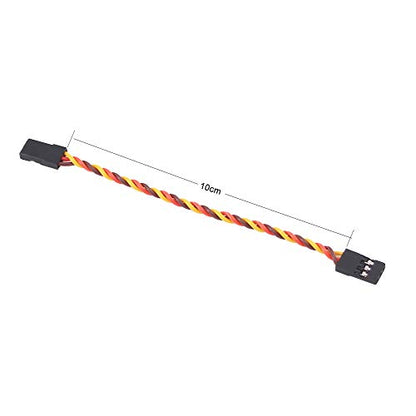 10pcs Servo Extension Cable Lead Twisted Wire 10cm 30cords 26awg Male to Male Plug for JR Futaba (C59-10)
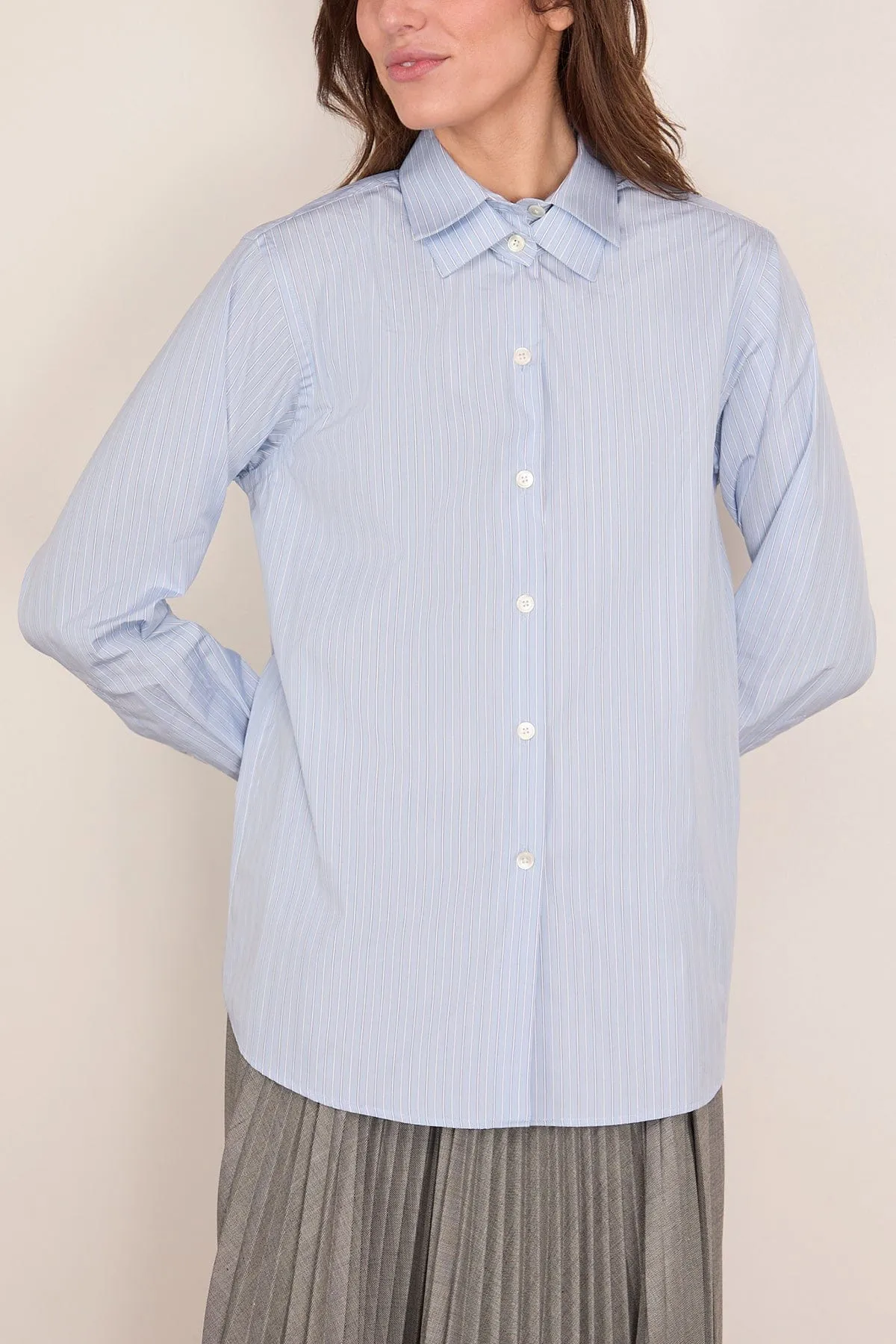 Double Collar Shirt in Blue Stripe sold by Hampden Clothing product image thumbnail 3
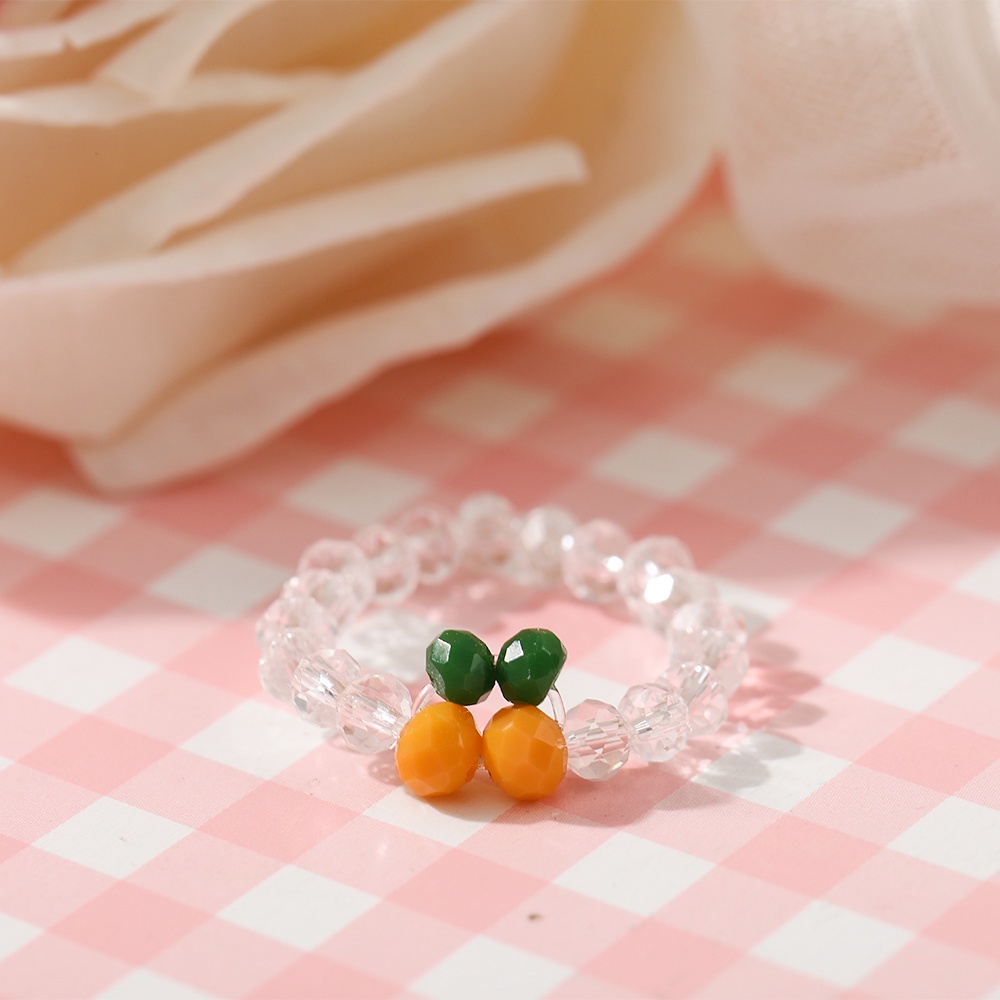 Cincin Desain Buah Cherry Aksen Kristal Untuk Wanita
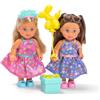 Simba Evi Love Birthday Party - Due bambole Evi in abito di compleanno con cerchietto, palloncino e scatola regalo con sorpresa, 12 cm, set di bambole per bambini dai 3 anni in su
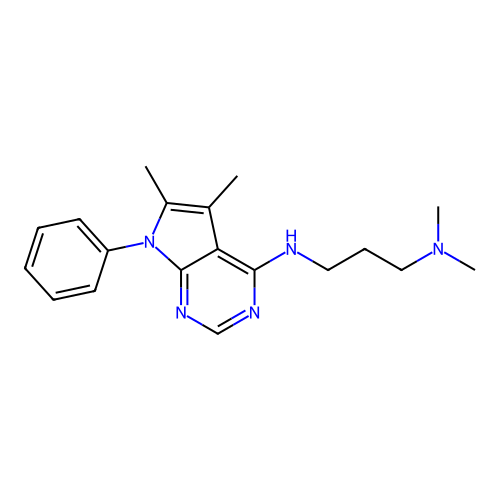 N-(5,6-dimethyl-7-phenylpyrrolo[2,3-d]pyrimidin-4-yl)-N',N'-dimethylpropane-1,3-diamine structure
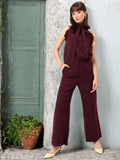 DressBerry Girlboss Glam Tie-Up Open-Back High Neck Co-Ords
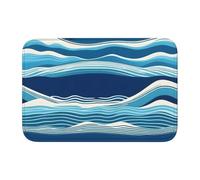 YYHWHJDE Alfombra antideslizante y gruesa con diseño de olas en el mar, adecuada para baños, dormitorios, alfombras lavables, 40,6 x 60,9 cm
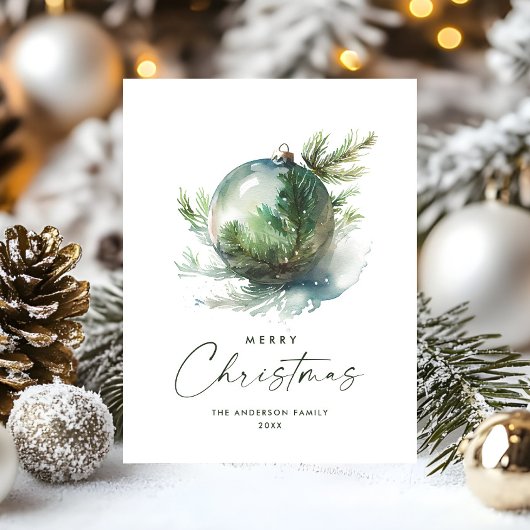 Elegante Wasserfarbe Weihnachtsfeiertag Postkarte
____
Find the line with "Cincin Desain Buah" in the listing and extract it and all lines after it through the end, exactly, without the pictures.

Response for this exercise
 Cincin Desain Buah Cherry Aksen Kristal Untuk Wanita
 Simba Evi Love Birthday Party - Due bambole Evi in abito di compleanno con cerchietto, palloncino e scatola regalo con sorpresa, 12 cm, set di bambole per bambini dai 3 anni in su
 N-(5,6-dimethyl-7-phenylpyrrolo[2,3-d]pyrimidin-4-yl)-N',N'-dimethylpropane-1,3-diamine structure
 DressBerry Girlboss Glam Tie-Up Open-Back High Neck Co-Ords
 YYHWHJDE Alfombra antideslizante y gruesa con diseño de olas en el mar, adecuada para baños, dormitorios, alfombras lavables, 40,6 x 60,9 cm
 Elegante Wasserfarbe Weihnachtsfeiertag Postkarte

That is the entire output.